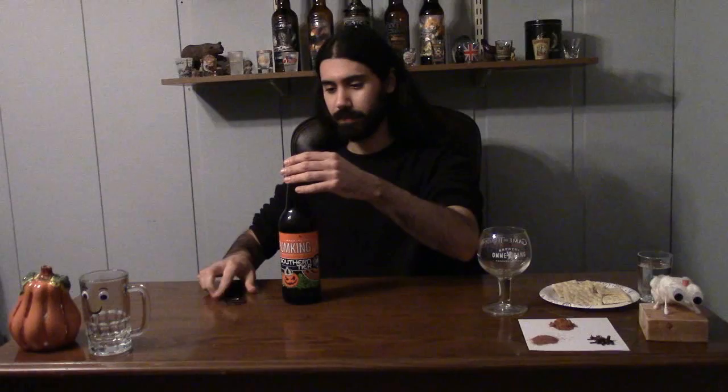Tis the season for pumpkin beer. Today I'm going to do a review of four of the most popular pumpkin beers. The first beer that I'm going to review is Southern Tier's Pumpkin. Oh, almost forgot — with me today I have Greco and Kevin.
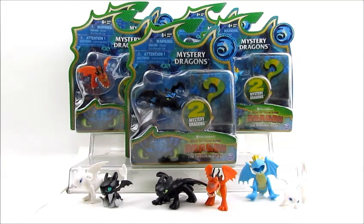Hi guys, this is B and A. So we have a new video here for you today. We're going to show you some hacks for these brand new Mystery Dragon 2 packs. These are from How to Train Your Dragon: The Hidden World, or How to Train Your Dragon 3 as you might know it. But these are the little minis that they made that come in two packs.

#####

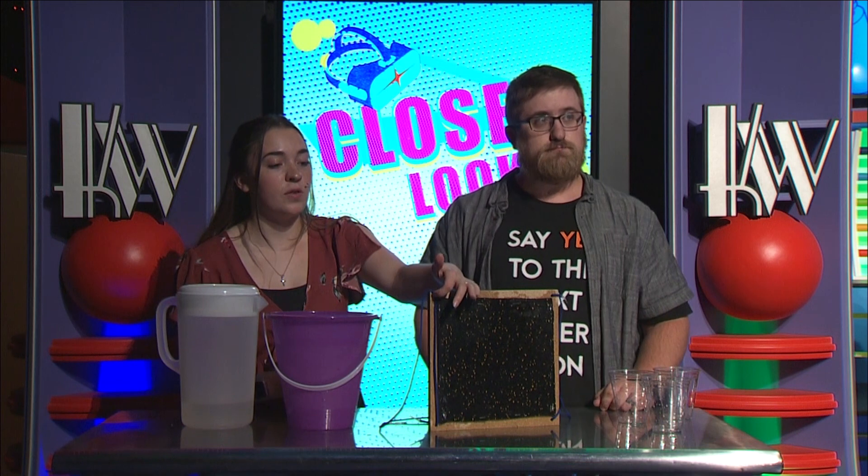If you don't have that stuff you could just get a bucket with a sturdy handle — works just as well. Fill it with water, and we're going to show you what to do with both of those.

#####

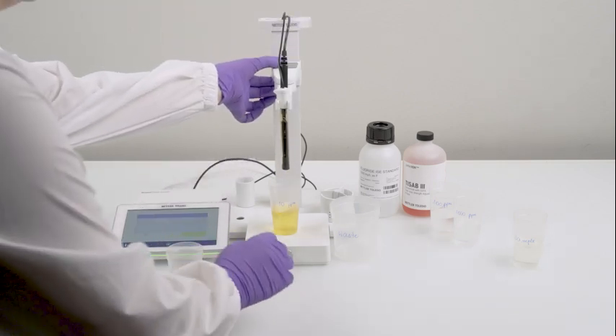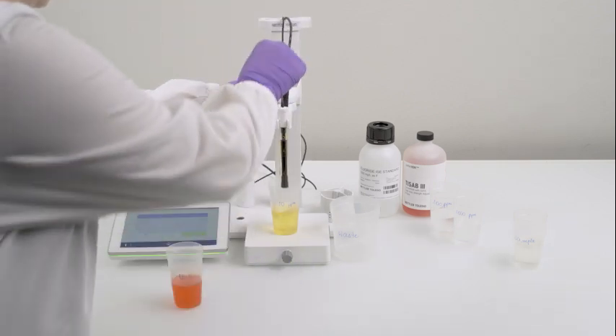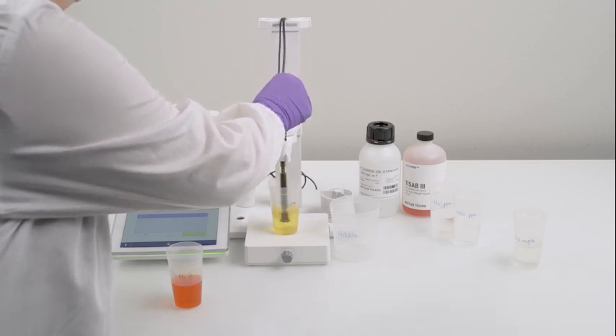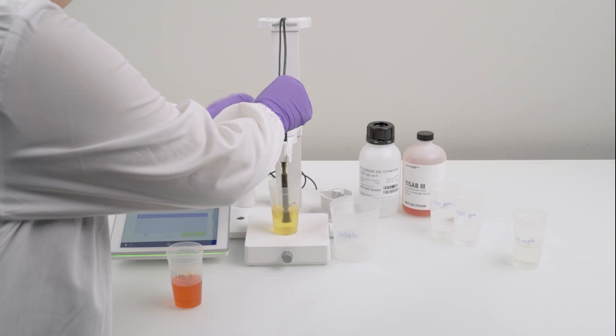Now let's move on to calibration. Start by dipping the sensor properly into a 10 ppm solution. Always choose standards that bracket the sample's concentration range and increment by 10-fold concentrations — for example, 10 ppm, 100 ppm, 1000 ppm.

#####

_What the task requires_: Starting from the line with "Tis the season" in the records above, repeat each line exactly until you have written the line with "Hi guys, this", then stop; drop the pictures.

_Output of the exercise_:
Tis the season for pumpkin beer. Today I'm going to do a review of four of the most popular pumpkin beers. The first beer that I'm going to review is Southern Tier's Pumpkin. Oh, almost forgot — with me today I have Greco and Kevin.
Hi guys, this is B and A. So we have a new video here for you today. We're going to show you some hacks for these brand new Mystery Dragon 2 packs. These are from How to Train Your Dragon: The Hidden World, or How to Train Your Dragon 3 as you might know it. But these are the little minis that they made that come in two packs.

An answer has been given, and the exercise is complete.